Review Film (Salesman, 2016) – Oleh: Denny JA
“Kami memboikot tak datang menerima piala Oscar. Ini solidaritas kami menentang kebijakan Donald Trump yang rasis.” Pernyataan itu dilontarkan film maker Iran Asghar Farhadi dan aktris utama film terbarunya, Taraneh Alidoosti.
Untuk kedua kalinya, Asghar mendapatkan penghargaan Oscar selaku film asing terbaik: Salesman (2016). Sebelumnya ia mendapatkan Oscar untuk filmnya yang lain dengan kategori sama: Separation (2012).
Asghar semakin mengokohkan diri dalam jajaran film maker elit dunia. Namun kali ini hadih Oscar datang ketika negaranya, Iran, termasuk yang yang terkena pembatasan Donald Trump masuk ke Amerika.
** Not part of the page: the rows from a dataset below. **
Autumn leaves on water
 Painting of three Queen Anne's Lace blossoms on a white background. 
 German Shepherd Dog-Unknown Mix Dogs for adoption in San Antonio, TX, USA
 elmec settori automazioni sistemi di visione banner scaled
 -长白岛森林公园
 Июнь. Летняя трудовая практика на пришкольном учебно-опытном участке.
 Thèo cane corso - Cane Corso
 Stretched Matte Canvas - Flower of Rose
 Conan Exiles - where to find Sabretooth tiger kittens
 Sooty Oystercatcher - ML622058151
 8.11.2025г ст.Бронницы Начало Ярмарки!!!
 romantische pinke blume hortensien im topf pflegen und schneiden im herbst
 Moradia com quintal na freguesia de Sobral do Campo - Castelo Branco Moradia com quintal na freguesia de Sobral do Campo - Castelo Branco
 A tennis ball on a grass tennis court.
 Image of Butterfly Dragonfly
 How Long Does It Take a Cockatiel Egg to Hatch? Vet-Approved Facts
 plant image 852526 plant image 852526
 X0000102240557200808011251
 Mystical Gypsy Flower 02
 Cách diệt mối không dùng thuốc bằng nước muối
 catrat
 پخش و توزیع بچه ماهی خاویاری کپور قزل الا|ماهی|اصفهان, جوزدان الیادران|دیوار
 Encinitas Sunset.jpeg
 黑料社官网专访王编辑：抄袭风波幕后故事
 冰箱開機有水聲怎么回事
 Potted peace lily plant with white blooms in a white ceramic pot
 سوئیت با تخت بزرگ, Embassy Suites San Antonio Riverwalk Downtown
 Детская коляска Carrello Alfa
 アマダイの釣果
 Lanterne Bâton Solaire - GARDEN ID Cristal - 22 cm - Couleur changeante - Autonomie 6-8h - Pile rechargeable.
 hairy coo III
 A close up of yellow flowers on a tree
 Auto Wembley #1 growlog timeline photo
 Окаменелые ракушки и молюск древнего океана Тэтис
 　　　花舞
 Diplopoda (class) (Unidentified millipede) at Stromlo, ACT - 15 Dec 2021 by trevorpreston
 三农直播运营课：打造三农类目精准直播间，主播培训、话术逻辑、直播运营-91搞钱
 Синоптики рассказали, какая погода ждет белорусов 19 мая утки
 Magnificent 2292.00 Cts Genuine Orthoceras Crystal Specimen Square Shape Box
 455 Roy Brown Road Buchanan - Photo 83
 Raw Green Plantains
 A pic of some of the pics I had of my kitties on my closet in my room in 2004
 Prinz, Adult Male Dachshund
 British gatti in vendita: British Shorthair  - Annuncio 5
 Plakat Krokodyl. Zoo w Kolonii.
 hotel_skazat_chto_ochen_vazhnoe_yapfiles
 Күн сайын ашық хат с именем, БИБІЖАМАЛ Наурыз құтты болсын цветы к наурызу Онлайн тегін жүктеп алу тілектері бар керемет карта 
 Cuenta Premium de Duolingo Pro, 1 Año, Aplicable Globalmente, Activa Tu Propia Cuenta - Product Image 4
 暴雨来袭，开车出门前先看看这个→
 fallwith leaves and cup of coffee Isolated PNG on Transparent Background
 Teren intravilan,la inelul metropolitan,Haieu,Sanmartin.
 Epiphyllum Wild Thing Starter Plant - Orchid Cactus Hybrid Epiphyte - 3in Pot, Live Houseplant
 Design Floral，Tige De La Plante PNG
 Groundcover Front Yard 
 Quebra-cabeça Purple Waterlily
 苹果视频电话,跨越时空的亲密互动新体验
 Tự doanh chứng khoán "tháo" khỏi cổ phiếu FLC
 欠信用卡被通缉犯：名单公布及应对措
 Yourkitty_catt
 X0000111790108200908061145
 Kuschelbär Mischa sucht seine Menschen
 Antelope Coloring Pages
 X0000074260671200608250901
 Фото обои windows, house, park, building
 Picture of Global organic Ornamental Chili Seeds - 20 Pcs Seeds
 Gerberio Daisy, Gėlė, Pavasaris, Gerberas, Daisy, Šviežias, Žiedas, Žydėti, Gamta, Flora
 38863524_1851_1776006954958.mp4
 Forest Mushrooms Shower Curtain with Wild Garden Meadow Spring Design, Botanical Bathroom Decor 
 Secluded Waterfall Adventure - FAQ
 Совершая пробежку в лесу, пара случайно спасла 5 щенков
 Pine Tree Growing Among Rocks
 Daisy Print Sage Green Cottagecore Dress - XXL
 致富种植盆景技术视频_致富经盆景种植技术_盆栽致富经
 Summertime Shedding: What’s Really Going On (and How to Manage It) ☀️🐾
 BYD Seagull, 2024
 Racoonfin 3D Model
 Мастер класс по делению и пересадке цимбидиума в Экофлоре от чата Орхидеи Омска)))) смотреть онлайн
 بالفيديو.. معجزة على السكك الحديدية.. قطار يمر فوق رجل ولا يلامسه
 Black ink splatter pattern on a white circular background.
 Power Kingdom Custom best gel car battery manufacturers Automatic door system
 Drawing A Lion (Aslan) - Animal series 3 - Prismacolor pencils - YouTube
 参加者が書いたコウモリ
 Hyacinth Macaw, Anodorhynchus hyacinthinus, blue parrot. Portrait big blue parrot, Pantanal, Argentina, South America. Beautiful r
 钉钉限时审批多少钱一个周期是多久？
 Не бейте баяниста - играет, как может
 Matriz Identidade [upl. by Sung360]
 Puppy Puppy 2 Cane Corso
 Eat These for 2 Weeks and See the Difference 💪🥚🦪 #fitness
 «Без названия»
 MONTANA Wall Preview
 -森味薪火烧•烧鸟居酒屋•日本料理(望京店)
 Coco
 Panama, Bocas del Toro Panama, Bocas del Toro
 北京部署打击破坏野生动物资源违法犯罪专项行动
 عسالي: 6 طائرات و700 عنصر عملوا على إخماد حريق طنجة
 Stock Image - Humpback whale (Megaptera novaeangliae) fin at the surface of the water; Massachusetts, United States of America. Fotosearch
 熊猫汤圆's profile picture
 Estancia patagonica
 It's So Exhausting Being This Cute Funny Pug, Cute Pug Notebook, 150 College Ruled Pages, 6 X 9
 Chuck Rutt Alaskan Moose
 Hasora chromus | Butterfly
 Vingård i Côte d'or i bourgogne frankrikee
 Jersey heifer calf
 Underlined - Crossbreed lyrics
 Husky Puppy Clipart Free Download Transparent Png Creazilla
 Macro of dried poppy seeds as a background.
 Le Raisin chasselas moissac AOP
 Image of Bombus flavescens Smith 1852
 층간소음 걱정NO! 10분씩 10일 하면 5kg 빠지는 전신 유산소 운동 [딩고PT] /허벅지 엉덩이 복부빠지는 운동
Ia ingin bersikap di bidang yang ia bisa: menolak datang menerima piala Oscar, piala yang merupakan impian pembuat film di seluruh dunia.
***
Film Salesman dibuka dengan retaknya bangunan apartemen. Emad dan Rana, pasangan muda suami-istri kaget luar biasa. Bangunan apartemen itu sedang dievakuasi. Mereka bergegas keluar, dan akhirnya harus mencari apartemen baru.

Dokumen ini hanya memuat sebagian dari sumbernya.